Figure 02 sorting packages in logistics using Helix AI

Figure 02 / Figure AI

Figure Clocks In

This week, Figure AI dropped a 60-minute uninterrupted demo of their Figure 02 robot sorting packages without interruption.

This type of performance would have been nearly impossible to achieve with traditional robotic programming approaches.

The robots run an AI system called Helix, detailed in their latest article. It’s a Vision-Language-Action model that enables robots to think like humans. Helix runs on a two-system approach.

System 2 “thinks slow” about high-level goals. This involves scene understanding and language comprehension. System 1 “thinks fast” to execute and adjust actions in real-time, translating system 2 thoughts into continuous robot actions.

Helix now handles packages 20% faster and achieves 35% higher barcode scanning success. Scaling their training data from 10 to 60 hours dropped processing time per package from 6.3 to 4.3 seconds while boosting barcode accuracy from 88% to 95%.

As Figure highlighted in their post, the robot can even feel when it first touches an object and recover from mistakes by re-planning on the fly.

I love how they did an entire 60-minute section, showcasing failures and everything in between. It makes it far more authentic than a cherry-picked demo, or, dare I say, teleoperation. I'm excited for the 10-hour version to satisfy my robot ASMR obsession.

Idea I Learned

Apple’s new research paper, “The Illusion of Thinking”

AI “Brain Chips” / Geeky Gadgets

The Illusion of Thinking

Apple just dropped a research paper that's causing quite a stir in the AI community.

“The Illusion of Thinking” challenges everything we thought we knew about reasoning models like Claude and ChatGPT.

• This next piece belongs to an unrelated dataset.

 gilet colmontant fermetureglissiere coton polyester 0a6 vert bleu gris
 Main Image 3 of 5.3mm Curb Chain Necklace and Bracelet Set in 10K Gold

The findings are pretty sobering. These models don't actually reason. Instead, they're sophisticated pattern matchers that completely collapse when faced with unfamiliar problems.

Here’s what caught my attention specifically: LLMs behave inconsistently across different puzzles. They can nail over 100 steps in Tower of Hanoi but fail after just 4 steps in River Crossing. This suggests performance correlates more with training data familiarity than inherent problem complexity.

Josh Wolfe, Co-Founder & Partner at Lux Capital, highlighted something fascinating too. These models “overthink” easy problems, exploring wrong answers even after finding the right one. But when things get harder, they give up early despite having plenty of compute left. Even when you hand them the exact algorithm, they still mess up the execution.

I think the real insight here perhaps sits around human cognition, not just AI limitations. As one observer noted, most of what airline pilots and doctors do is pattern matching. True reasoning only kicks in when something genuinely new appears.

This connects to Geoffrey Hinton's idea, which we explored back in April, about how humans are “analogy machines” who think by resonance rather than deduction.

The paper raises critical questions about whether current “reasoning” models can ever achieve generalisable thinking, or if they're destined to remain very expensive autocomplete systems.

Worth keeping this in mind next time you're impressed by an AI's “reasoning” abilities.

Quote to Share

Ethan Mollick on the Chief AI Officer hype:

I thought this was a brilliant quote that immediately cuts through the Chief AI Officer hype:

“The horrible realisation you have fairly quickly is that nobody knows anything.”

Most organisations are still figuring out AI basics while tech companies push increasingly advanced capabilities.

There's a massive disconnect happening. AI labs are racing toward level 8 and 9 capabilities while most workers are still trying to master level 1—how to get genuine value from the AI tools already available.

Everyone wants answers, but the uncomfortable truth is that very few people actually know how to effectively integrate AI into real workflows. The expertise isn't going to come from hiring expensive consultants or creating new C-suite positions.

The real AI champions are already in your organisation—they're the curious "weirdos" experimenting with these tools, finding what works and what doesn't. These are the people who will drive meaningful adoption, not top-down mandates.

I also think organisational context matters enormously here. One-size-fits-all AI strategies miss the mark. Real progress comes from empowering internal champions to test, iterate, and build trust in AI systems organically.

Question to Ponder

“High school students often feel lost choosing careers due to many options and unclear future paths. What exactly does it mean for a student’s interest and future if they choose to study computer science at university?”

I totally get why this feels overwhelming.

When I was choosing my path, I felt the exact same uncertainty about what direction to take.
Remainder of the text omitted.